Despite a recent ban on restaurants, street vendors, and market traders from selling dog meat at the yearly Lychee and Dog Meat Festival in southern China, the event appears poised to continue on unimpeded. A highly popular restaurant, Yulin No.1 Crispy Dog Meat Restaurant, is said to be operating business as usual since the ban was reported.
The ban, set to prohibit the sale of dog meat in central Yulin from June 15-23, the height of the festival, is supposed to be enforced by the risk of arrest and fines up to 100,000 yuan ($14,500). Unfortunately, there seems to be no restriction on vendors selling dog meat in the suburbs or on people eating dog meat at home.
While Yulin No. 1 Crispy Dog Meat Restaurant has recently removed the word “dog” from its store sign, Dr Peter J. Li said, “It’s definitely selling dog meat and it has no signs of closing.” Dr Li is the Associate Professor of East Asian Politics at the University of Houston-Downtown and the China Policy Specialist from Humane Society International.
Though dog meat has been eaten for hundreds of years in China and several other Asian countries, it has only become popular within the last 30 years or so and has exploded in popularity since the Lychee and Dog Meat Festival started celebrating the summer solstice in 2009 by promoting dog meat as a tourist attraction.
According to Dr Li, it would be difficult for the government to ban the trade of dog meat since it’s the livelihood for vendors who are less educated and largely unskilled. If the government forced the festival to end, says Dr Li, it would have to prevent a means of livelihood for anybody affected.

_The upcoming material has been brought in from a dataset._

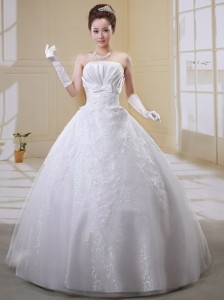 Stylish Ball Gown Strapless Bow And Embroidery Decorate Wedding Dress With Organza In Hyvinkaa
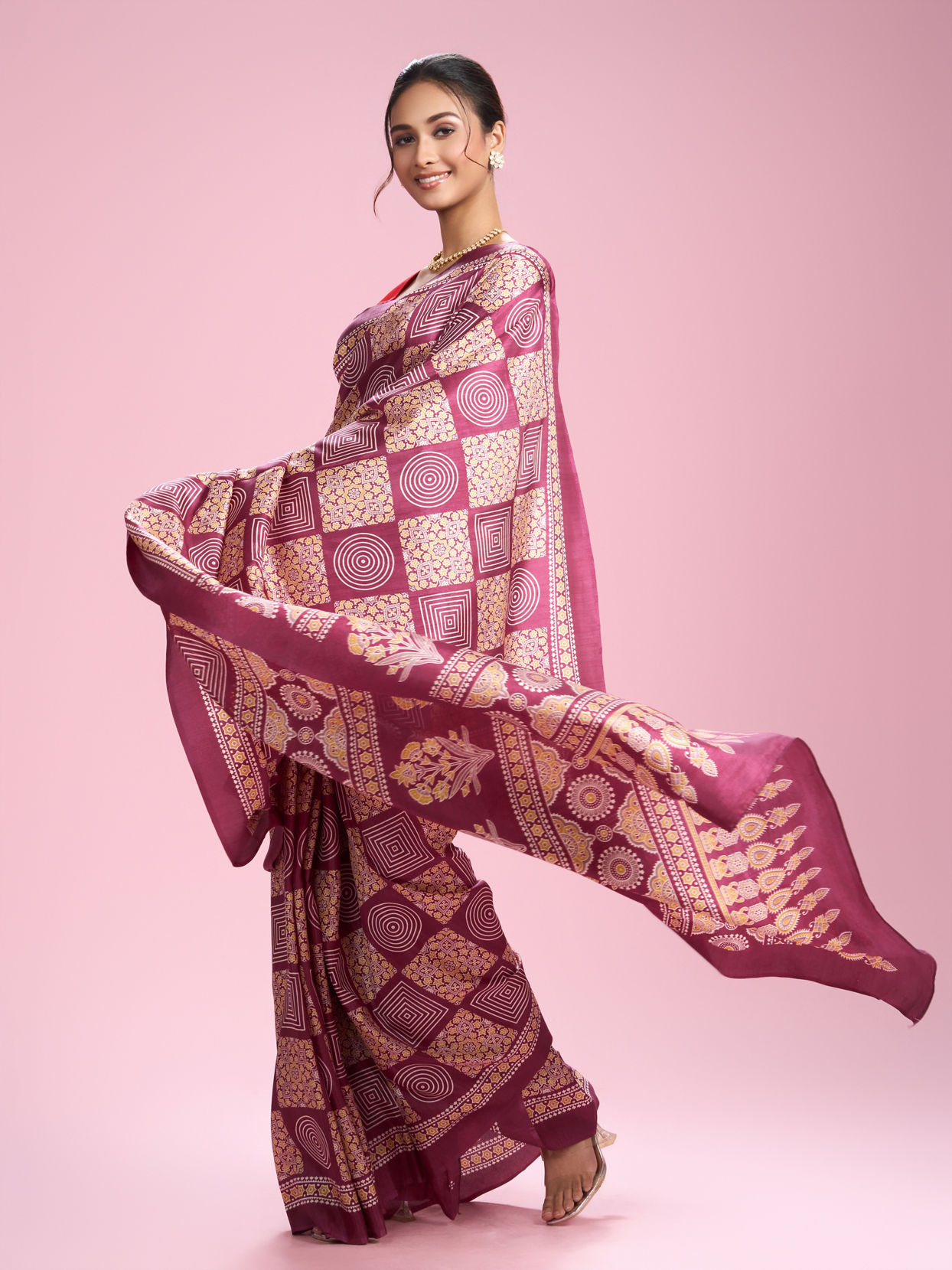 Mohey Women Enchanting Wine Saree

Though most residents of Yulin didn’t start eating dog meat until recently, the higher that international pressure to stop eating dog meat gets, the more rebellious the residents become, believing that the western world has interfered with their right to choose what they eat.
A better way to stop the slaughter of around 10 million dogs a year, many of which are stolen from homes or snatched from the streets, is to teach people how to love dogs as companions instead of blaming them for eating dogs.
Jill Robinson MBE, Animals Asia’s Founder and CEO, says: “’What we need now is to make sure the message is heard outside of Yulin, on all the other days of the year when millions of dogs die for their meat. We need to continue working with the authorities, with Chinese organizations, and with the public to change opinions and prove that dogs are friends, not food.”